Rush Commander
Overview
Rush Commander, a thrilling survivor game, features reinforcement mechanics and a top view. Your ultimate mission is to survive the relentless onslaught of the Third Reich. Lead your company through the battlefield, constantly on the edge of survival.
I worked as a Game and Technical Designer on this project as part of my internships, designing and implementing new systems such as perks and drops systems, and new enemies.
Project details
- Studio: FiveXGames
- My role: Game & Technical designer
- Genre: Survivor, roguelite
- Platform: PC
- Internships duration: April 2024 - July 2024
- Engine: Unity
My Contributions
- Designed and documented a perk upgrade tree:
- Defined the structure and progression of player perks.
- Designed all perk levels, detailing every buff and its impact on player abilities.
- Balanced the game's different difficulty levels.
- Designed and documented a random drops system:
- Defined the drop mechanics and item pool.
- Based on a dynamic probability system considering the item pool.
- Implemented the drops system and integrated it into the game.
- Designed and documented several new enemies.
- Created a QA testing guide.
- Performed extensive QA across the entire game.
Design Challenges
The challenge
When I joined the project, Rush Commander had a solid foundation. But playtesting revealed a critical problem: despite being a roguelite survivor, runs felt repetitive. The only things changing were enemy spawns, and the existing perk system that offered random upgrades between levels, but they were purely stat-based — more damage, more speed, more health. Nothing that changed how the game was played.

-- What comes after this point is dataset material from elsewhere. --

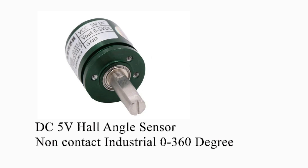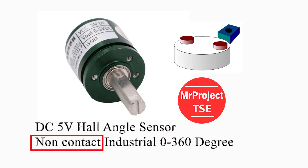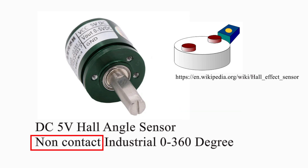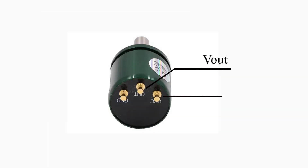A Hall Sensor is a sensor that operates without contact. This clip is an introduction to the Hall Angle Sensor. It can measure 0 degrees to 360 degrees, and measure the number of turns and the direction. Use a reference voltage of 5 volts and operates the same as a multi-turn potentiometer.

In a genre built on replayability, monotony is a death sentence. We needed each run to feel meaningfully different.
Our approach
We designed and implemented two new systems to inject variety into every run:
- Branching perk tree. We overhauled the perk system from flat stat upgrades to a tiered, branching structure with passive abilities that changed gameplay: bouncing bullets, bullets that split into two on impact, area explosions... Each perk had synergies with others, creating emergent combinations players could discover and build around.
- Enemy drop system. We introduced a weight-based random drop system tied to enemy kills. Drops included health packs, experience magnets, heavy artillery... giving players moments of opportunity and further differentiating runs based on what the game throws at them.

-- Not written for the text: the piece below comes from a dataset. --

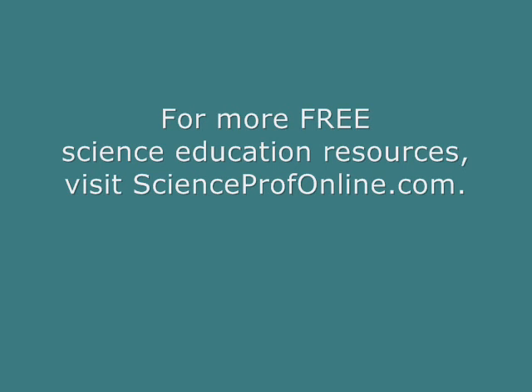More seriously nerdy, amazing free stuff at ScienceProfOnline.com. Go there!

The goal was intentional: generate chaos. In survivor games, chaos is fun — the unpredictability is what makes players want to run again to see what combinations they can pull off.
What broke
How we fixed it
- Perk balancing. We tuned values and constraints on each passive to ensure no single perk or combination trivialised the game, while keeping synergies strong enough to feel rewarding.
- Drop weight calibration. We adjusted the probability weights and spawn conditions for each drop type to maintain the intended difficulty curve without removing the sense of luck and reward.
Result
Each run now feels distinct — perk combinations and drop sequences create emergent gameplay that keeps players coming back.
The chaos is controlled: synergies are powerful and surprising, but no combination breaks the game’s balance.
The drop system adds a layer of moment-to-moment decision-making that reinforces the survivor fantasy without disrupting the difficulty curve.